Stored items
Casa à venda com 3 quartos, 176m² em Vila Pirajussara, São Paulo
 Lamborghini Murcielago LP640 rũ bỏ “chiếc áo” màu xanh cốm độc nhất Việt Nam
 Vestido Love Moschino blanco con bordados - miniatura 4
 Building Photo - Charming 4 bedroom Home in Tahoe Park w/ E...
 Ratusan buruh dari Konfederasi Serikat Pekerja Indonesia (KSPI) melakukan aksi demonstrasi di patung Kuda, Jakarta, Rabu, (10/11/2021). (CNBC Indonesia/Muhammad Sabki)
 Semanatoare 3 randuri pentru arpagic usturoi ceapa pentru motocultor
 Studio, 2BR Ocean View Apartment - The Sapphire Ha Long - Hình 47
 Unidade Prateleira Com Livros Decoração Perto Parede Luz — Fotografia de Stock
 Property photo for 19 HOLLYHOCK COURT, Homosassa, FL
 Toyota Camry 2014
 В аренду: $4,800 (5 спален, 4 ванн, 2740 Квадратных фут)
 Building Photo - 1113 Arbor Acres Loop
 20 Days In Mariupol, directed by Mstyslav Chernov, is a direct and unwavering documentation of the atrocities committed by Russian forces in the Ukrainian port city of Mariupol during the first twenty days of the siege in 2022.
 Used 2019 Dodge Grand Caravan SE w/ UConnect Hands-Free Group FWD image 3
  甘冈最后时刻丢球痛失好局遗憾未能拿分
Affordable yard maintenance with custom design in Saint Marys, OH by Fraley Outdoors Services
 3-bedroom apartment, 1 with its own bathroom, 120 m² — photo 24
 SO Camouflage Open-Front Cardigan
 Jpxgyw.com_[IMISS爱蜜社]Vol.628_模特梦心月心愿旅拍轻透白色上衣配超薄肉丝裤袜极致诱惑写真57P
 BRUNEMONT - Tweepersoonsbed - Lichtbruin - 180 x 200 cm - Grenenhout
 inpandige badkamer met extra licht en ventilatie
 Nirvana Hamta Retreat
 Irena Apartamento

_What you should do_: If a line of the entries above includes the word "bedroom", count it; then state the total and nothing else.

_Output of the task_: 2